§ **Provided information**:
[Start of section]
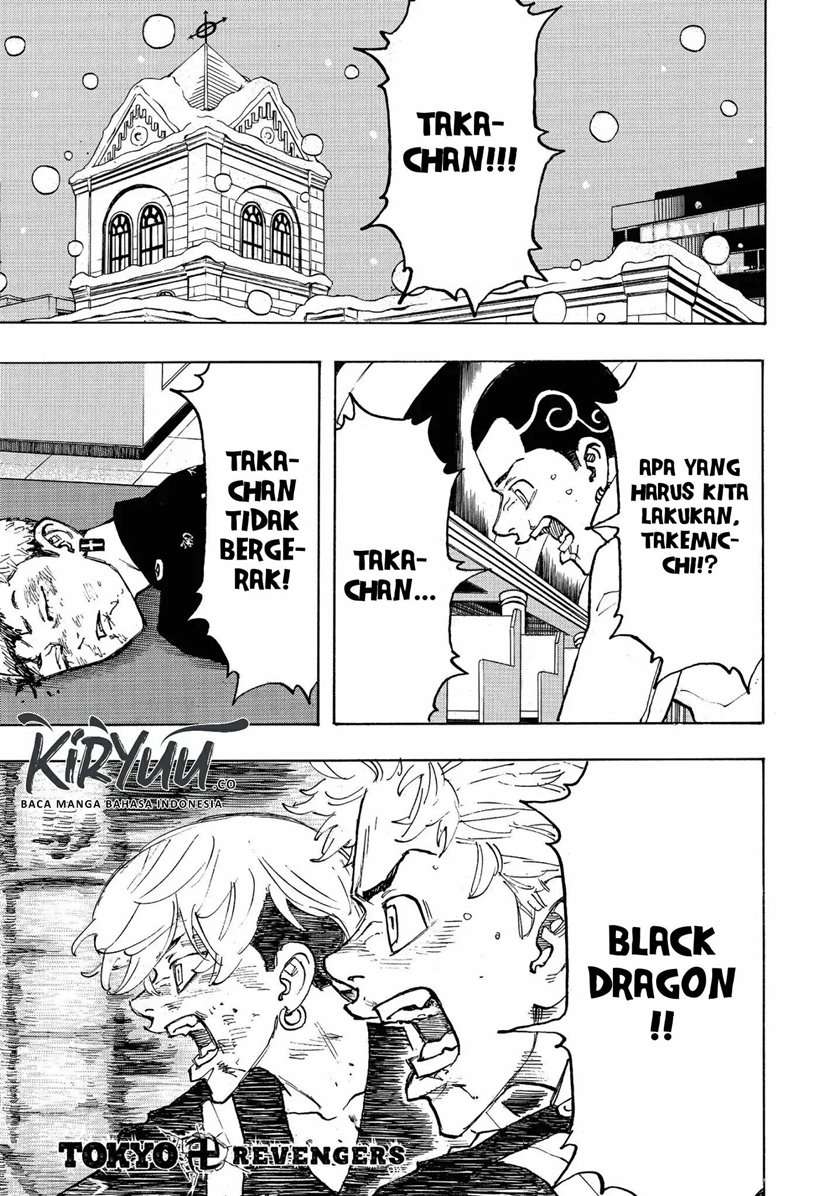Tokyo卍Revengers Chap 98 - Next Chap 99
[End of section]
[Start of section]
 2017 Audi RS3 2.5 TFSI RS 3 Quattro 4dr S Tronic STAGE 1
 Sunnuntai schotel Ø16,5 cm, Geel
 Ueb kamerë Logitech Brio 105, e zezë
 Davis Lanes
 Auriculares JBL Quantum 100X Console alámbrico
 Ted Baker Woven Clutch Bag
[End of section]
[Start of section]
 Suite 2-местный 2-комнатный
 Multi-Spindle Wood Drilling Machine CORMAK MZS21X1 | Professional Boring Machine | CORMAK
[End of section]
§ **What this task involves**: Using the entries above, extract exactly the span from the line with "2017 Audi RS3" to the line with "Ted Baker Woven Clutch Bag", both lines included; leave out everything else.

§ **Exercise answer**:
 2017 Audi RS3 2.5 TFSI RS 3 Quattro 4dr S Tronic STAGE 1
 Sunnuntai schotel Ø16,5 cm, Geel
 Ueb kamerë Logitech Brio 105, e zezë
 Davis Lanes
 Auriculares JBL Quantum 100X Console alámbrico
 Ted Baker Woven Clutch Bag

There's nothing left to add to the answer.